We consider the SU(3) gauge theory with structure constants $f_{abc}$ in the Minkowski space. The Lagrangian in the nonlinear gauge of the Curci–Ferrari type cf is given by hs03

	$\displaystyle\mathcal{L}$	$\displaystyle=\mathcal{L}_{inv}+\mathcal{L}_{NL},\quad\mathcal{L}_{inv}=-\frac{1}{4}F_{\mu\nu}^{a}F^{a\mu\nu},$
	$\displaystyle\mathcal{L}_{NL}$	$\displaystyle=B^{a}\partial_{\mu}A^{a\mu}+i\bar{c}^{a}(\partial_{\mu}D^{\mu}c)^{a}+\frac{\alpha_{1}}{2}B^{a}B^{a}+\frac{\alpha_{2}}{2}\bar{B}^{a}\bar{B}^{a}-B^{a}w^{a},\quad(a=1,\cdots,8)$

where $B^{a}$ is the Nakanishi–Lautrup field, $c$ $(\bar{c})$ is the ghost (antighost), $\bar{B}^{a}=-B^{a}+igf_{abc}\bar{c}^{b}c^{c}$, $\alpha_{1}$ and $\alpha_{2}$ are gauge parameters, and $w^{a}$ is a constant to keep the BRS symmetry.

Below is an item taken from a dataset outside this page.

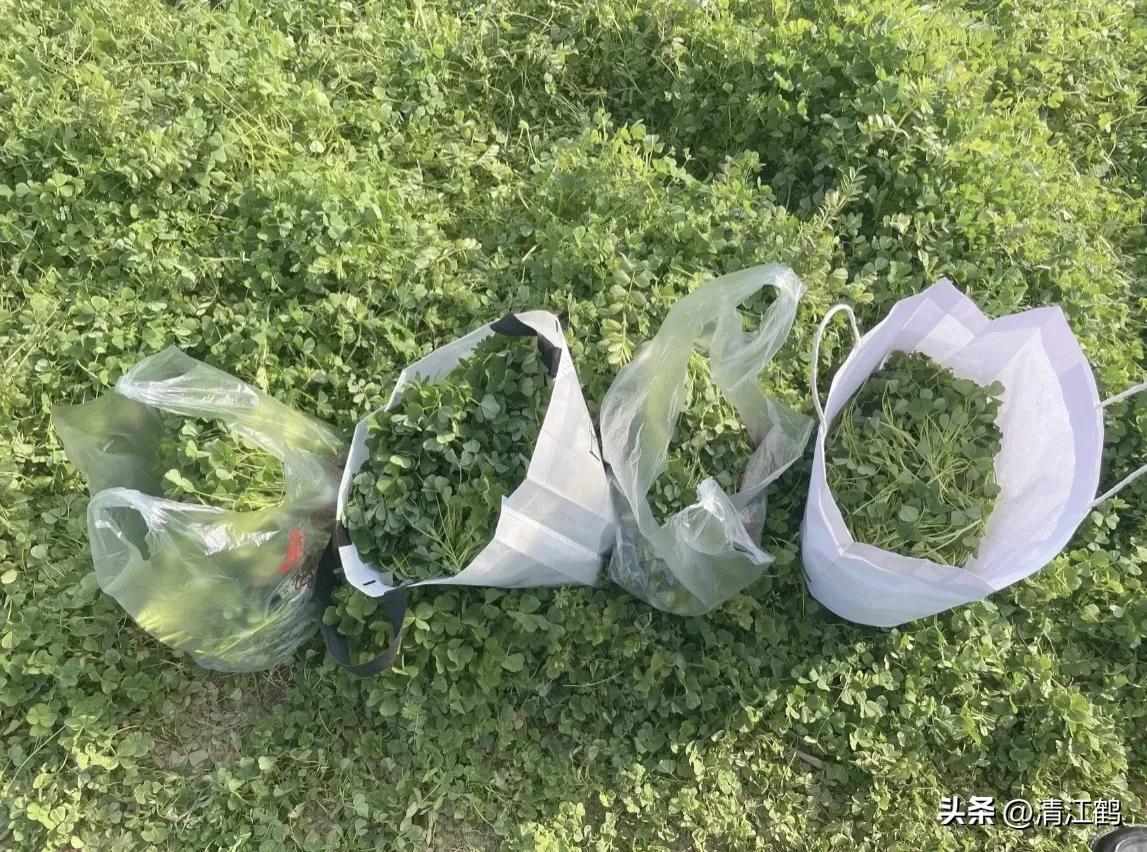 苜蓿种植技术_种植苜蓿技术与管理_种植苜蓿技术要点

The Lagrangian $\mathcal{L}_{NL}$ is rewritten as

$$\mathcal{L}_{\varphi}=\frac{\alpha_{1}}{2}B^{a}B^{a}+B^{a}(\partial_{\mu}A^{a\mu}+\varphi^{a}-w^{a})+i\bar{c}^{a}\left[(\partial_{\mu}D^{\mu})^{ac}+gf_{abc}\varphi^{b}\right]c^{c}-\frac{\varphi^{a}\varphi^{a}}{2\alpha_{2}},$$

where the auxiliary field $\varphi^{a}$ represents $-\alpha_{2}\bar{B}^{a}$.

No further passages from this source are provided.